As the culmination of efforts that began nearly four years ago in response to the Colonial Pipeline ransomware attack, the order is also valuable as a “lessons learned” document from an Administration that has had much to deal with in four years of dramatic cybersecurity events.
Cloud, Software Security Goals
Biden’s final cybersecurity plan is also ambitious in its implementation timeline, as many of the initiatives would be completed within a year.
The lead federal agencies would develop contract language requiring software providers to attest and validate that they use secure software development practices. Open-source software would also be included in the plans, as agencies would be given guidance on security assessments and patching, along with best practices for contributing to open-source projects.
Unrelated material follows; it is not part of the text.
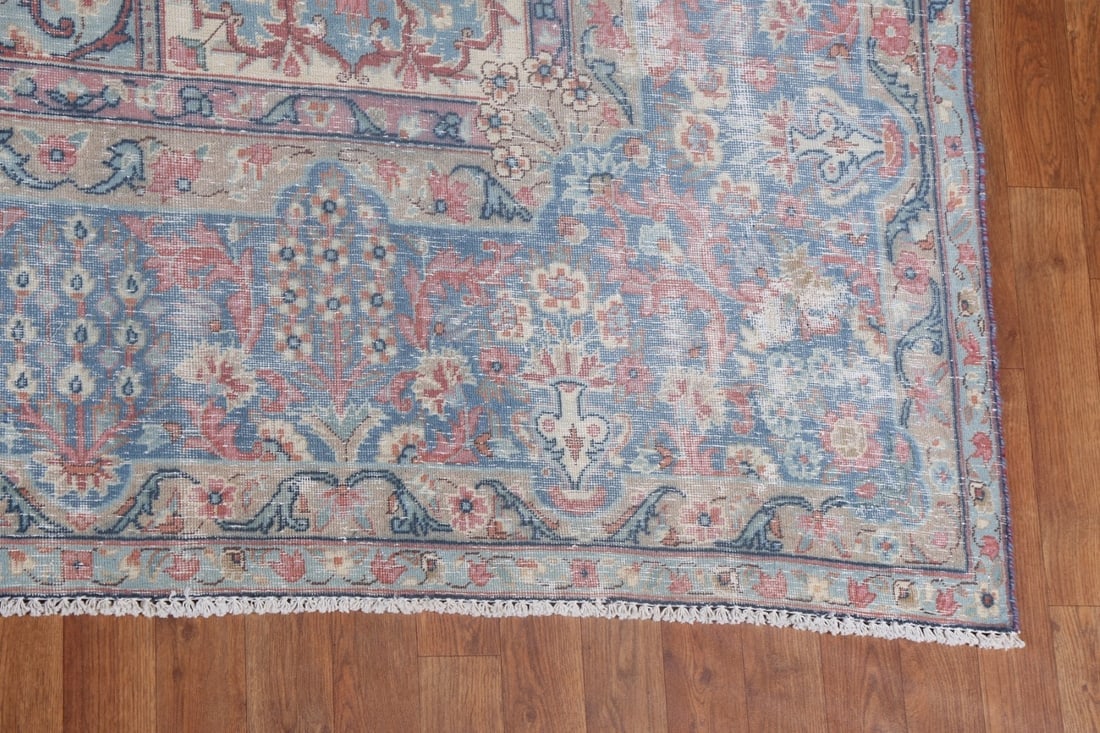 Antique Vegetable Dye Handmade Kerman Persian Rug 10x13 - 7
Federal government contractors would be required to follow minimum cybersecurity practices identified by NIST “when developing, maintaining, or supporting IT services or products that are provided to the Federal Government.”
Cloud service providers that participate in the FedRAMP Marketplace would create “baselines with specifications and recommendations” for securely configuring cloud-based systems to protect government data.
IAM, Post-Quantum Encryption Goals
Federal agencies would be required to “adopt proven security practices” to include in identity and access management (IAM) practices. Pilot tests for commercial phishing-resistant standards such as WebAuthn would be conducted to help those authentication efforts.
The Biden plan says post-quantum cryptography (PQC) – in at least a hybrid format – should be implemented “as soon as practicable upon support being provided by network security products and services already deployed” in government network architectures.
The plan also requires secure management of access tokens and cryptographic keys used by cloud service providers and encryption of DNS, email, video conferencing, and instant messaging traffic.
CISA would lead the development of “the technical capability to gain timely access” to data from agency EDR solutions and security operation centers (SOCs) to enable rapid threat hunting.
BGP’s security flaws are also addressed, with requirements that ISPs implement routing security measures such as Route Origin Authorizations, Route Origin Validation, route leak mitigation, and source address validation.
AI Cybersecurity Innovation
The executive order says AI “has the potential to transform cyber defense by rapidly identifying new vulnerabilities, increasing the scale of threat detection techniques, and automating cyber defense. The Federal Government must accelerate the development and deployment of AI, explore ways to improve the cybersecurity of critical infrastructure using AI, and accelerate research at the intersection of AI and cybersecurity.”
AI cybersecurity implementation would start with a pilot program on the use of AI to improve critical infrastructure security in the energy sector. That program may gauge the effectiveness of AI technologies in detecting vulnerabilities, automating patch management, and identifying malicious threats.
The Department of Defense would start its own program on the use of “advanced AI models for cyber defense.”
The order asks science and research agencies to prioritize research on AI cybersecurity that meets the following criteria:
- Human-AI interaction methods to assist with defensive cyber analysis
- AI coding security assistance, including the security of AI-generated code
- Designing secure AI systems
- Methods for “prevention, response, remediation, and recovery of cyber incidents involving AI systems.”
Conclusion
Biden’s cybersecurity order is the culmination of four years which began even before the Colonial Pipeline incident with the SolarWinds software supply chain attack.
The order includes longer-term goals, including a three-year plan for modernizing federal information systems, networks, and practices, with a focus on zero-trust architectures, EDR capabilities, encryption, network segmentation, and phishing-resistant multi-factor authentication.